Lenin had to accept great hardship and sacrifice in order to make the Bolshevik Revolution a success and was exiled several times. Lenin is therefore called the father of the Bolshevik Revolution and the creator of the new Russia.
(g) Discuss briefly the life and ideals of Karl Marx.
Ans: Karl Marx was born in 1818 into a middle-class family in Germany. He studied law at the Universities of Bonn and Berlin in Germany and embraced socialism after graduating. He married Jenny von Westphalen, the daughter of German aristocracy.

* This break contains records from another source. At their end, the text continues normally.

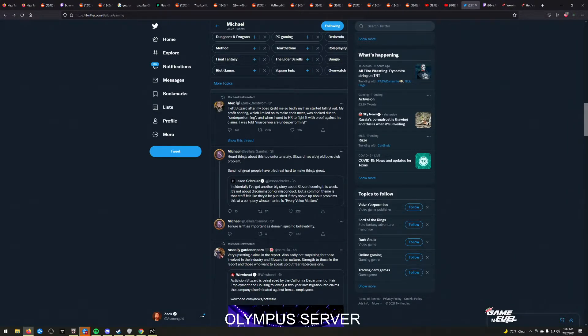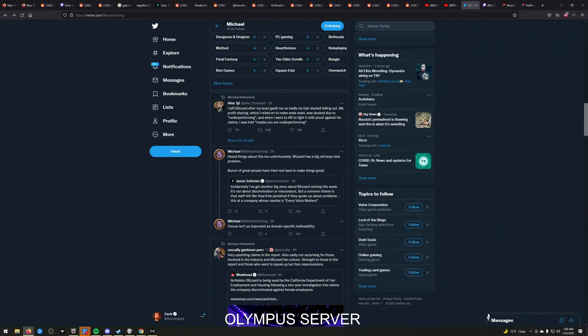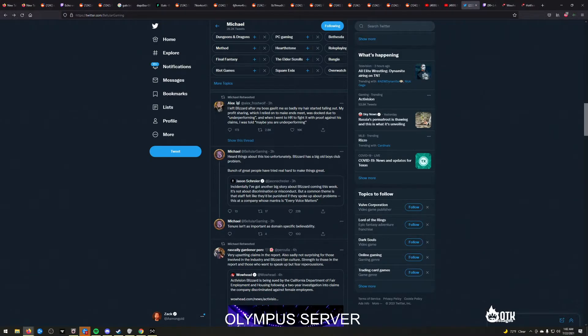They completely ruined that guy's life who was the voice actor of Kael'thas and immediately took his voice lines out of the game and immediately deleted Swifty's information without a single shred of fucking evidence for it.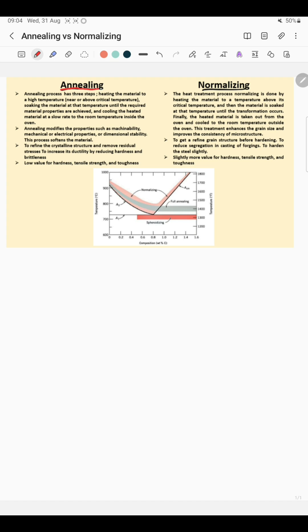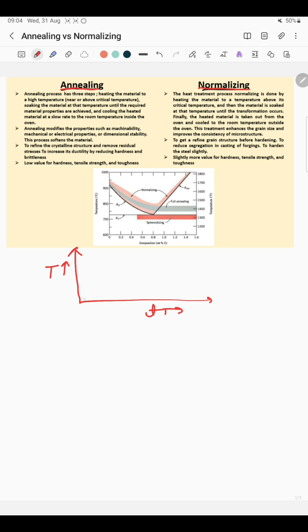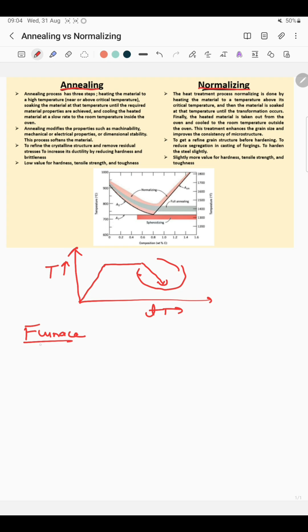In this video we are going to discuss the basic differences between annealing and normalizing heat treatment. The heat treatment process takes place in three steps: on the y-axis we have temperature, on the x-axis we have time. The first step is heating, the second is holding or soaking, and the third is cooling. The major difference between annealing and normalizing is only in this third step — the cooling process. In annealing we do furnace cooling, and in normalizing we do air cooling.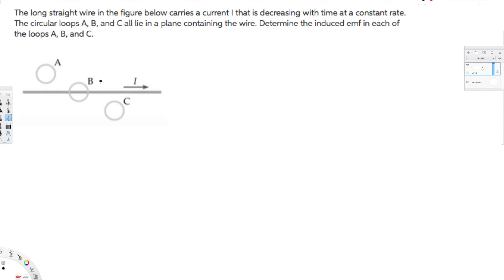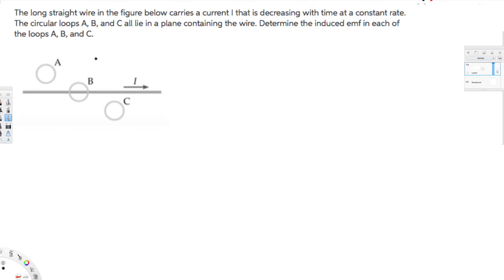Hey, what's going on guys? Let's do this problem. This question is asking: the long straight wire in the figure below carries a current i that is decreasing with time at a constant rate. The circular loops A, B, C all lie in a plane containing the wire. Determine the induced EMF in each of the loops A, B, C. So they are asking for the direction of EMF.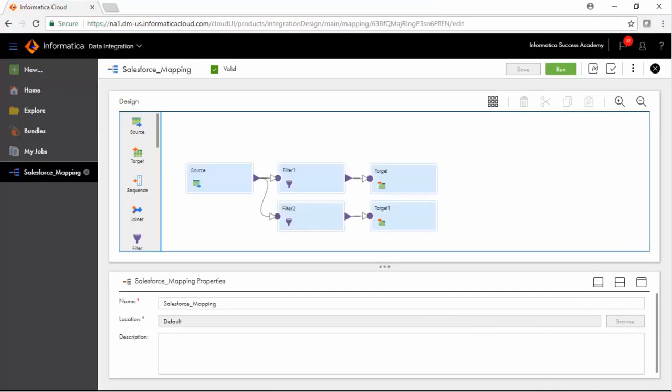In mapping task, first create a mapping between source and target with required transformations in between. Based on the mapping, create the mapping task.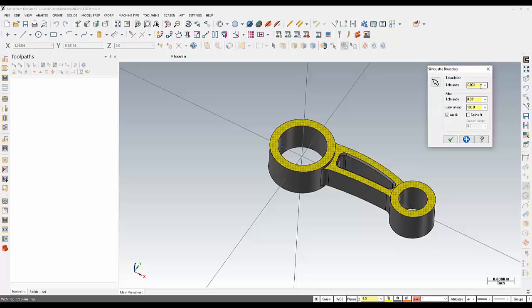So the tighter I make these numbers, the more processing time, but the more accurate the geometry. And then the larger the number, faster processing time, but less accurate geometry creation there. So I'll leave these set to default here, which is the thousands for each one. And then I'll select OK.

In 1842, Marx edited an extremist newspaper but was exiled by the Prussian government due to his dissatisfactory views. He then returned to France, where he became closely acquainted with its socialists and formed an association with the famous German socialist Friedrich Engels. In 1845, when the French government expelled Marx, he returned to Brussels and published his renowned Communist Manifesto, a foundational text in modern socialism, which he termed Communism.
In 1848, he returned to Germany and initiated the communist movement there. As a consequence of this movement, he was exiled by the German government and relocated to London. Marx spent the rest of his life in London, where he published his most significant work, Das Kapital.
Marx’s socialism is primarily based on several key principles. He explained history as rooted in economics, asserting that historical progression results from conflicts in economic interests among different classes. Marx argued that the conflict between capitalist owners and the proletarian working class was inevitable, leading to an eventual classless society. According to Marx, wealth should be distributed in proportion to labor. He believed in the establishment of a workers’ state worldwide.
(h) Narrate the communist constitution.
Ans: The Communist Constitution was drafted by the Bolsheviks based on the Marxist model. At the Party Congress of 1918, the term ‘Communist’ was adopted instead of ‘Bolshevik.’ The laws and government procedures were determined by the party, as it had become the owner of the state.
The dictatorship of the Party, specific to Marx, was established as the dictatorship of the workers. Membership in the Communist Party was made mandatory, requiring passionate support for Marx-Lenin and demonstrating skills as a ‘comrade’ for a fixed period. According to the Communist Constitution, every factory and village would have a ‘group’ or ‘cell’ of the Party, and regional committees would be formed with representatives from these cells.
Representatives of the Regional Committees also convened in the ‘Union of All-Soviet Soviet Republics,’ abbreviated as the U.S.S.R. This Congress formed a Central Committee, which served as the party’s legislature. The Politburo within the Central Committee functioned as the highest executive body, making final political decisions for the country. Since the implementation of the Communist Constitution in Kasia, the country has experienced economic progress, and the people have collectively gained financial security.
According to the Communist Constitution, a workers’ council or soviet was established in each city and district of Russia. The All-Russian Soviet Congress was formed by representatives from the regional and provincial soviets. Communist constitutions were introduced in all states.